His second notion is that we just wander around until we discover our purpose, as though it is in a treasure chest hidden alongside the road. Sadly again, that’s what many people do when they chase the next shiny object hoping it leads to something that feels right for them to do.

Success guru Darren Hardy believes there is no “one true purpose” for your life. He suggests that people should engage whatever they chose to do with intent and purpose.

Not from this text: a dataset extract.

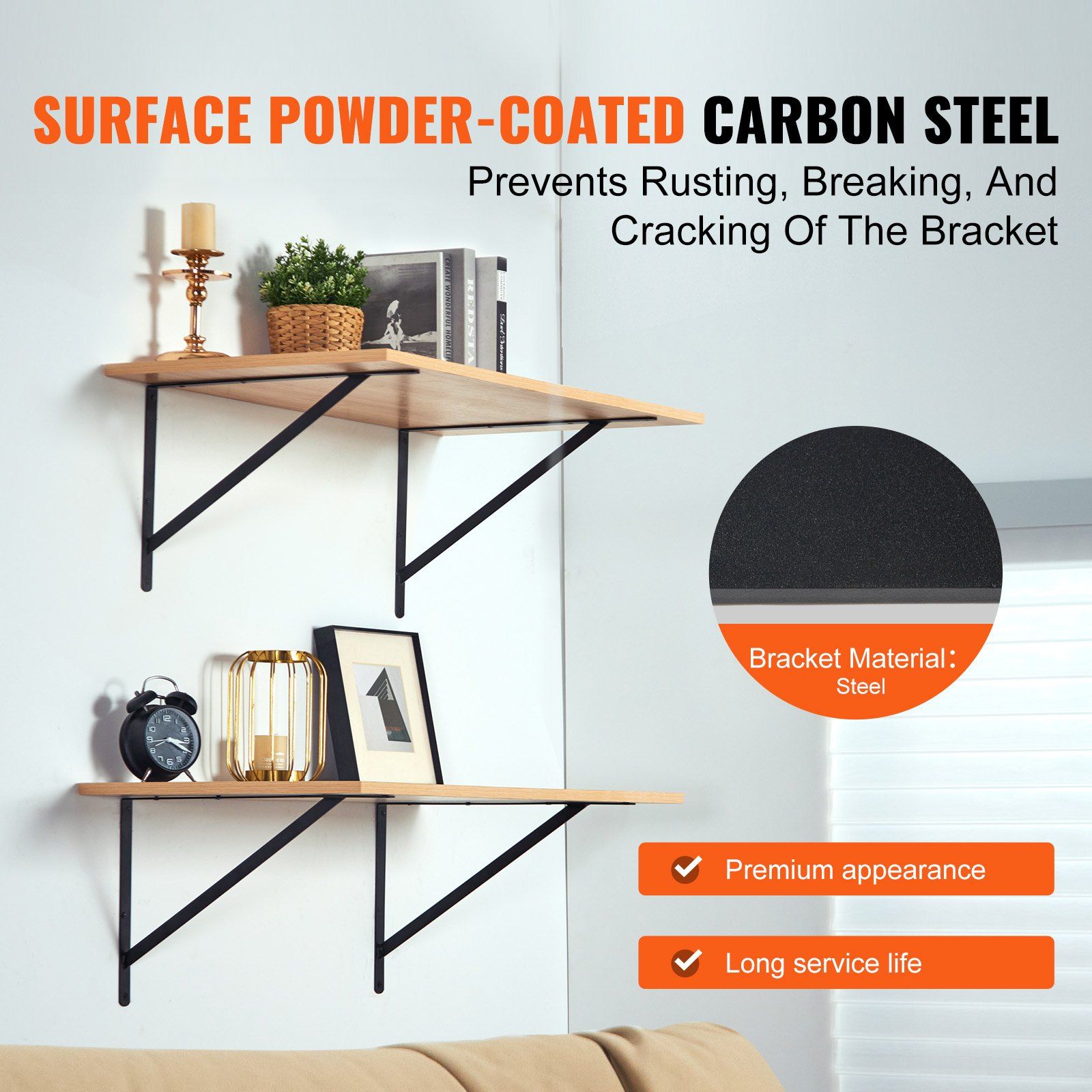 Shelf Bracket, 46 x 30.5 cm 12 Pcs, Heavy Duty Floating Shelf Brackets, Brackets for Shelves, 3mm Thick Matte Black Triangle Shelf Bracket,Steel Shelving Brackets with 72.6 kg Load Capacity - Image 4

I don’t believe many of us have just one purpose in our lives. That often changes as we mature through different seasons of life. For example:

  • Before we turn 30, our primary purpose is to gain skills, start forming a network, begin working, and starting a family.
  • Then, when we are between 30 and 50 — “the chaos years” — our purpose changes to gaining more work experience as we fine-tune our natural talents. We also learn new skills to benefit ourselves and others, while trying to function without sleep by meeting the endless demands of children and bosses.
  • Then, we we reach our 50s, often our true purpose becomes quite evident. We arrive at a point where we can and want to use our natural talent, learned skills and many years of life experiences in a way that benefits others. Whether we do that working for ourselves or someone else is a choice that needs to be made.

Bernhard says we need to learn to tolerate giving up our time, freedom and even the people we hang around with, which I suspect he also includes your spouse and children in that mix. He described that as essential “so you can love what you do so much, you don’t think its work.”

Sadly still, many adults try giving up things they love to do and even their friends and family all in the name of pursuing work purpose. That’s why way too many people arrive in their 50s totally burned out on life. They see retirement as the only way they can “be themselves.”

At that point, they disengage from productive life and pursue leisure hoping that makes them happy. Yet, because there is no purpose to full-time leisure, they become grumpier and even more unfulfilled.

To find purpose for their lives, Bernhard encourages people to think about things that once made them happy, but which they don’t do any more. He is on to something here. Many times, we discover early in our lives what really makes us happy, but societal pressure prevents us from pursuing that.

Ironically, those feelings are likely a strong indicator of the reason why you were intentionally created. You may have found your purpose early on, but chose to set it aside to pursue “more practical” options. “For most people, passion also comes with a sense of play. Do something that you once loved doing just for the fun of it,” Bernhard wrote.

Doing so may not give you purpose, but at least you’ll be on the right track to discovering the sweet spot that balances work, people and play.

“Discovering one’s ‘purpose’ in life essentially boils down to finding those one or two things that are bigger than yourself, that you would love doing with a set of values that will determine your priorities and guide your actions,” Bernhard wrote.

See, it’s not that hard. Bernhard complicates it because he does not yet realize that you can tap into the heart and mind of your creator to discover what you should be doing that gives your life purpose and fulfillment.

I have said it many times in other articles. If you want an answer to “what’s my purpose,” then ask the divine creator what he created you to do. He’s more than happy to tell you. Just listen to your heart. For people of faith, that’s where God’s Holy Spirit resides.

Tap into that, and you’ll discover the sweet spot of purpose that allows you to use your talents, skills and experiences in a way that brings you the most fulfillment and the most glory to God.

There are several good ideas in Bernhard’s article, which you can read at Forbes. Just keep in mind that he explores the concept of purpose from a strictly secular perspective.